■ Task details
Exclude the images and transcribe the entries below precisely.

+ + +

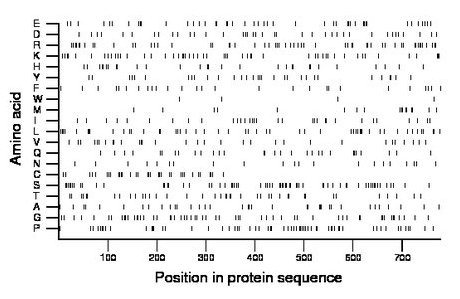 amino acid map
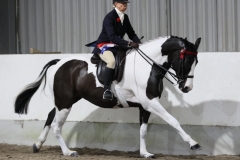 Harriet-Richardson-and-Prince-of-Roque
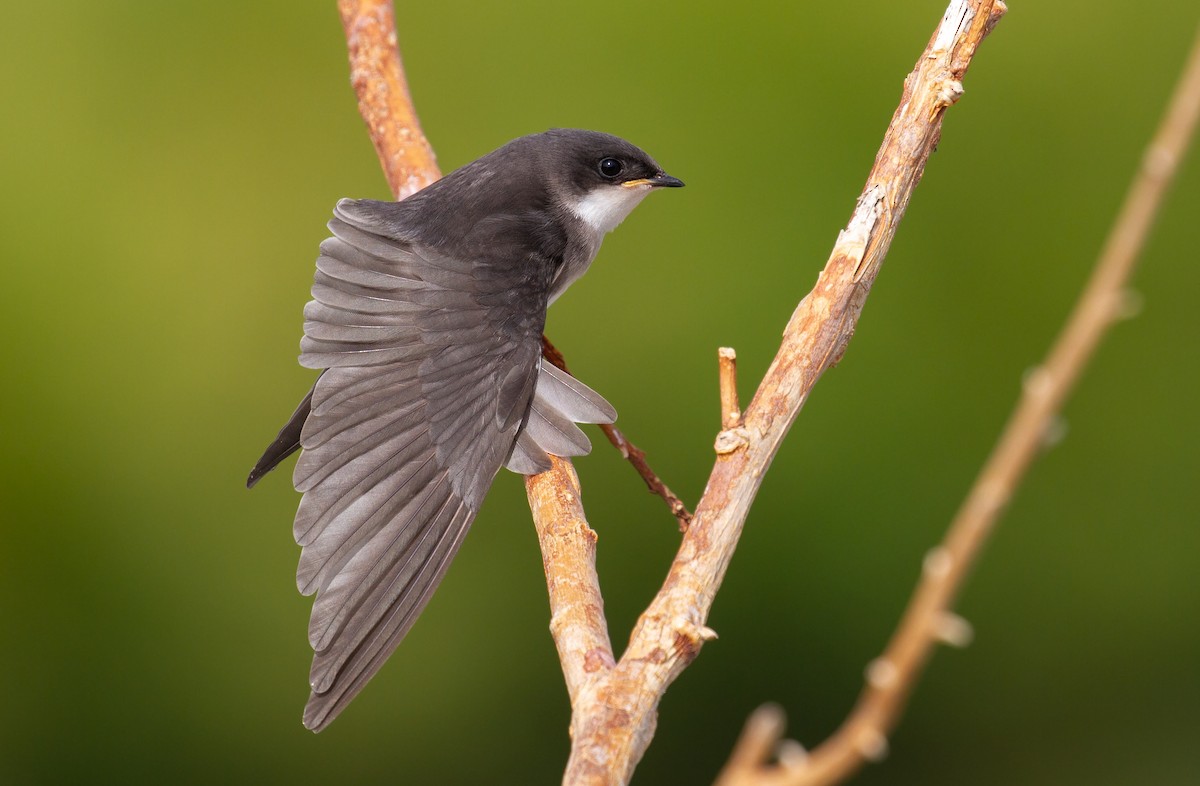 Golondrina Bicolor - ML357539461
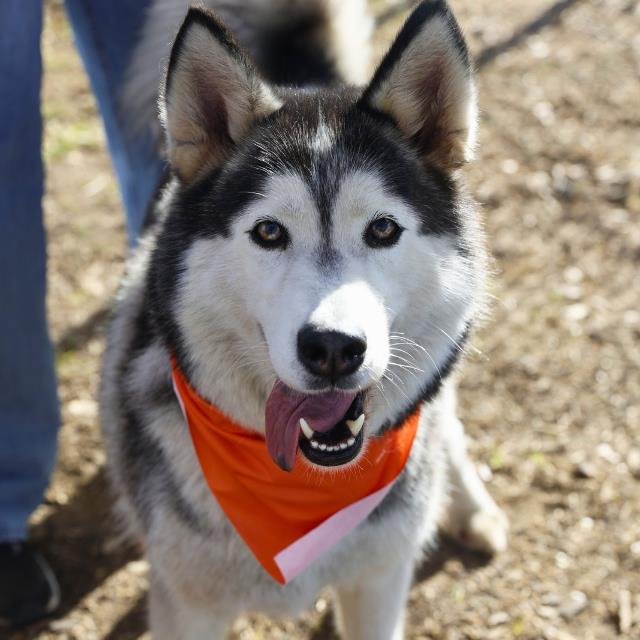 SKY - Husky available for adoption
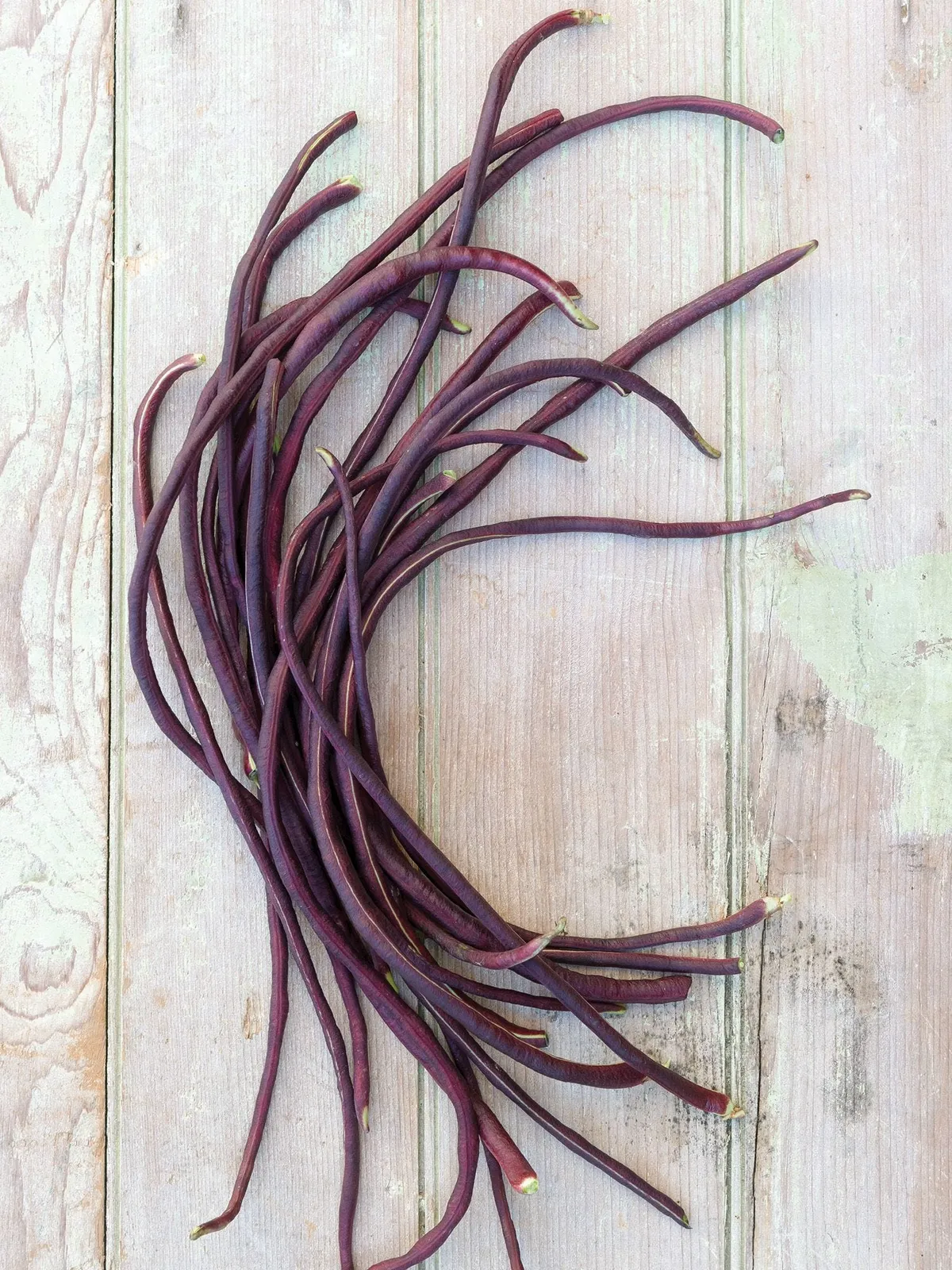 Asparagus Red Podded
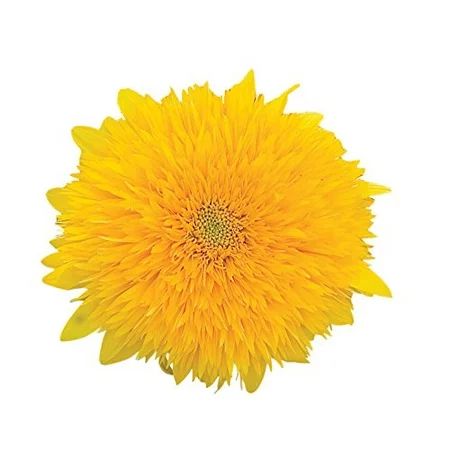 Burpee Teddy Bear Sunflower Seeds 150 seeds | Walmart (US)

+ + +

■ Response area
 amino acid map
 Harriet-Richardson-and-Prince-of-Roque
 Golondrina Bicolor - ML357539461
 SKY - Husky available for adoption
 Asparagus Red Podded
 Burpee Teddy Bear Sunflower Seeds 150 seeds | Walmart (US)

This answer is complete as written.